Lamb kabobs are a staple dish Southern Europe and the Middle East. Try variations of the basic kabob by adding these spices to the marinade of your choice. 

Greek
Add oregano and sage to the marinade. Cook with quarters of onions and green peppers. 

Iranian
Cut the pieces of meat about an inch thick and wide, and 2½ to 3 inches long. Marinate in yoghurt and thyme and grill with the yoghurt as the baste. The dish is served with rice, radishes, and onions on the side. 

Lebanese
Add mint and thyme to the basic marinade. The typical veggies are green pepper squares, onions, and tomatoes. 

Romanian
Oregano is the added spice. The veggies are eggplant cut into cubes, with tomatos and green pepper. 

Turkish
Add crushed bay leaves to the marinade and also sprinkle on the kabobs. Sweetbread, onions, and tomatoes are the usual accompaniment.


----------



## kimmie (Mar 13, 2001)

Ingredients

1½ pounds boneless lean loin or leg of lamb
16 pearl white onions
3 tablespoons red wine vinegar
½ cup dry white wine
2 garlic cloves, crushed
2 teaspoons grated lemon rind
2 teaspoons ground cumin
1 tablespoon chopped fresh rosemary or 1 tablespoon dried
2 teaspoons choped fresh thyme leaves or 1 teaspoon dried
2 teaspoons honey
salt and freshly ground pepper to taste
2 tablespoons olive oil
1 bunch of watercress for garnishing

1. Cut the lamb into 16 1½ inch cubes (or have it done by your butcher).

2. Peel the onions, then steam or parboil them until nearly cooked but firm. Drain. 

3. Combine onions, vinegar, white wine, garlic, grated lemon, cumin, rosemary, thyme, honey, salt and pepper to taste. Blend well, then add the lamb and marinate for 30 minutes or longer. 

4. Meanwhile, preheat oven broiler or grill to high. 

5. Drain the meat, reserving the marinade. Thread onto four skewers, alternating between the lamb cubes and onions on each skewer.

6. Brush the skewers with the oil and the reserved marinade.

7. Broil under high heat 3 minutes on each side for rare, brushing often with the marinade. Cook longer if desired. 

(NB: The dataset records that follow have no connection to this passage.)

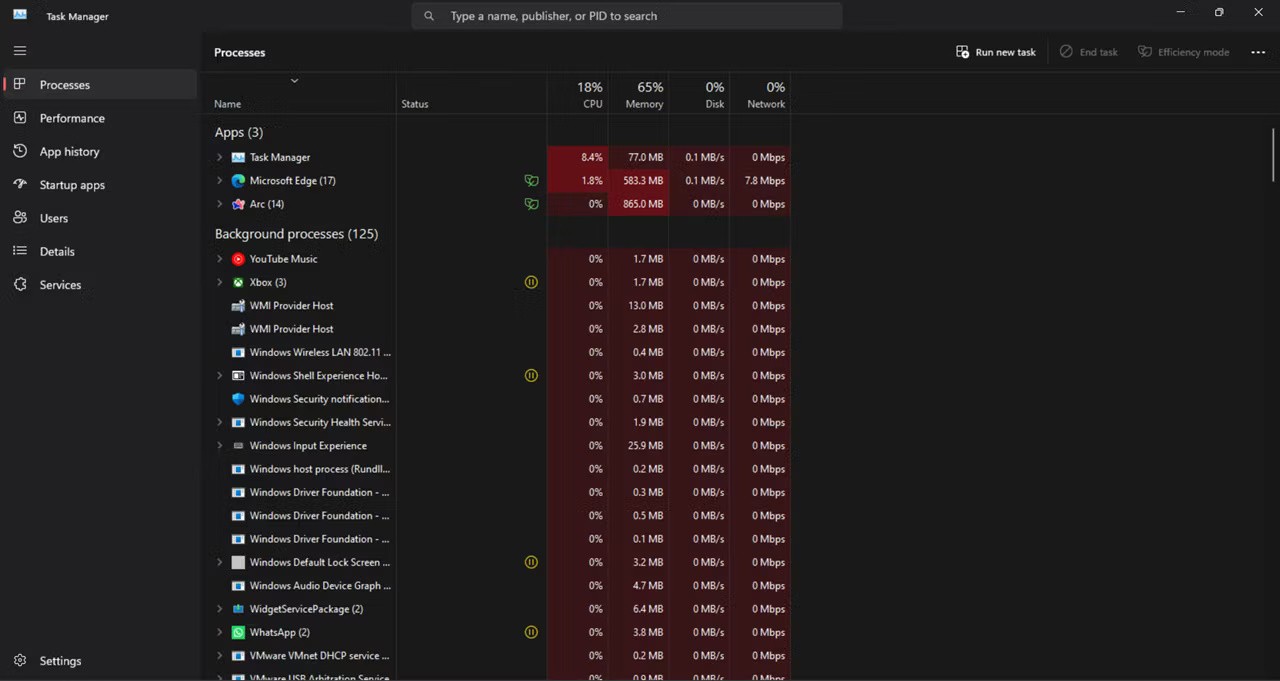 Comment vérifier l'utilisation de la RAM, du GPU et du CPU dans Windows 11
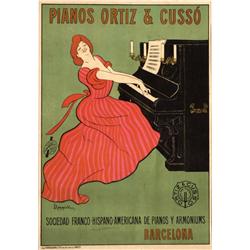 PIANOS ORTIZ Y CUSSO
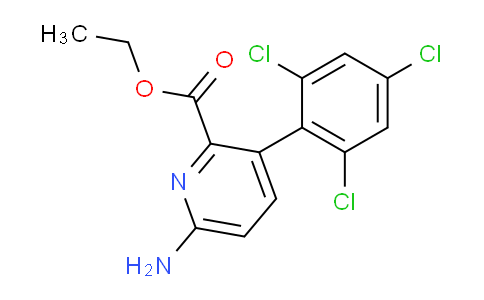 AM94213 | 1361542-96-2 | Ethyl 6-amino-3-(2,4,6-trichlorophenyl)picolinate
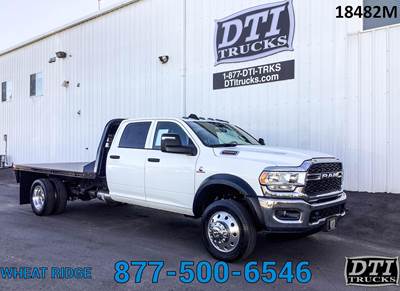 RAM 5500 11 ft Flatbed Truck - 360HP, 6 Speed Automatic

8. Serve immediately, garnished with watercress. 

(4 servings)


----------



## kimmie (Mar 13, 2001)

from Mandeville in South Central Jamaica

Ingredients

5-6 pounds of lamb cut into one-inch cubes 
6 scallions, very coarsely chopped 
3 large onions chopped 
1-3 Scotch bonnet peppers (see caution note) 
1 teaspoon ground allspice 
1½ tablespoons of salt (or to taste) 
2 tablespoons of freshly ground black pepper 
6 tablespoons of Jamaican curry powder (recipe follows) 
2 tablespoons unsalted butter 
¼ cup coconut or peanut oil 
2 cloves of garlic 
4 cups of water or chicken stock 
1 cup of coconut milk 
Juice of 1-2 limes

Using your hands, mix the lamb meat, scallions, half of the onions, 1-3 peppers, allspice, salt, black pepper, and about 4 tablespoons of Jamaican curry powder. Rub the lamb well with the mixture. Now as they say on the island, "You mus' put he down over night" -- which means let the meat marinate overnight in the refrigerator.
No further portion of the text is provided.